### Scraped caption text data
***

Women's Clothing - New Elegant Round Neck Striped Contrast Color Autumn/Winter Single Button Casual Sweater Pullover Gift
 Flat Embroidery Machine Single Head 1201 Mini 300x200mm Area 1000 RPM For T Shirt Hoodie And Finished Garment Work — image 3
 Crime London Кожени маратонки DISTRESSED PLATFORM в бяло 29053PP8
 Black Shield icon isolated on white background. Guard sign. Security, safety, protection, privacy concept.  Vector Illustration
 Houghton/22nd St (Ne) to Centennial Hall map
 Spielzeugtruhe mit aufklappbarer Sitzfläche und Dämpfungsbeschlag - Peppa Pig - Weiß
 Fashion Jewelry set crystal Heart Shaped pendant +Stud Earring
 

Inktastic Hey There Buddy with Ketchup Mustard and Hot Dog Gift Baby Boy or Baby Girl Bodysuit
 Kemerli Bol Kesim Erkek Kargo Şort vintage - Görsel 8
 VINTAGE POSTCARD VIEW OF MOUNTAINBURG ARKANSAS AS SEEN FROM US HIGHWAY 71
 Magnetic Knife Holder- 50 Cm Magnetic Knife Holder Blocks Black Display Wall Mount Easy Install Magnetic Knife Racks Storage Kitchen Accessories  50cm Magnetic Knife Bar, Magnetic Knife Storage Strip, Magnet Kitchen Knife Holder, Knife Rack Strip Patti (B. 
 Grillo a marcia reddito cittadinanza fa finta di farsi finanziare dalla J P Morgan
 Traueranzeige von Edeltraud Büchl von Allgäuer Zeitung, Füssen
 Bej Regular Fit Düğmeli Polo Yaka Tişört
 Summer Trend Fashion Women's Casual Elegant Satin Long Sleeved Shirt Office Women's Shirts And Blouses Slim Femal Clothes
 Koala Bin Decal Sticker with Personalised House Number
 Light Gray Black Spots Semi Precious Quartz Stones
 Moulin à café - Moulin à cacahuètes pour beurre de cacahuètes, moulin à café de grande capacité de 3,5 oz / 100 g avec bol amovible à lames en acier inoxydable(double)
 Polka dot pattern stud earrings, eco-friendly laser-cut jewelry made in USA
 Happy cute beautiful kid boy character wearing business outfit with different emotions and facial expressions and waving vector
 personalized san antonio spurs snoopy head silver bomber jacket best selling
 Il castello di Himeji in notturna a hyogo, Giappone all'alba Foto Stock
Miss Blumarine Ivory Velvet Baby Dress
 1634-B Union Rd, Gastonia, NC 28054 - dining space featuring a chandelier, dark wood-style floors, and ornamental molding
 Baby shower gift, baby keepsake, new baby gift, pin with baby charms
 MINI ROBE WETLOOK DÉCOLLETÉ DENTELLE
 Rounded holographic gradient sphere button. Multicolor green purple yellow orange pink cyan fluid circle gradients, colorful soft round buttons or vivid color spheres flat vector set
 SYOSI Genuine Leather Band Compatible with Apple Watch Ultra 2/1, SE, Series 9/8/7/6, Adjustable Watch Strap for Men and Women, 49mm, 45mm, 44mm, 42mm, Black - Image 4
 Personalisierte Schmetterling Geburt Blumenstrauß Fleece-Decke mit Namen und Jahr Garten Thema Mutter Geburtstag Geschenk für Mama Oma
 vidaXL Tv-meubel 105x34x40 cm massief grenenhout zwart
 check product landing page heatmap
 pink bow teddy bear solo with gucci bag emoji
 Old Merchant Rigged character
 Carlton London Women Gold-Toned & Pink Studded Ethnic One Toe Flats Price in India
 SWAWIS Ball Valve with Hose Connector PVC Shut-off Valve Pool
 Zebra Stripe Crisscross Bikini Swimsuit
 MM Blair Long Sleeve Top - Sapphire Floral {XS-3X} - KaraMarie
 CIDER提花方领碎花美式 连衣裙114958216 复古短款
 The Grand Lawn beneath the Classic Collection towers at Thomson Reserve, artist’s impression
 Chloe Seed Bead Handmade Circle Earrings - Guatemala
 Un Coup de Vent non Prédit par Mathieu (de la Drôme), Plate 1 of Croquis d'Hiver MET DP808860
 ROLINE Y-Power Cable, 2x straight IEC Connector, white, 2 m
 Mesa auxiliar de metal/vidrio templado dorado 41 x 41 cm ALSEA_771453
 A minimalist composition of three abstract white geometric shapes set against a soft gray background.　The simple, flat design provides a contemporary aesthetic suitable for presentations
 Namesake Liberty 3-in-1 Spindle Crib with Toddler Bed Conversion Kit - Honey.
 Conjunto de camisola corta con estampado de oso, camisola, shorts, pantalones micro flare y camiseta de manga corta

***

### ASSIGNED TASK
Wherever the word "Baby" appears in the records above, copy that line.

### RESULT OF THE TASK
Inktastic Hey There Buddy with Ketchup Mustard and Hot Dog Gift Baby Boy or Baby Girl Bodysuit
Miss Blumarine Ivory Velvet Baby Dress
 Baby shower gift, baby keepsake, new baby gift, pin with baby charms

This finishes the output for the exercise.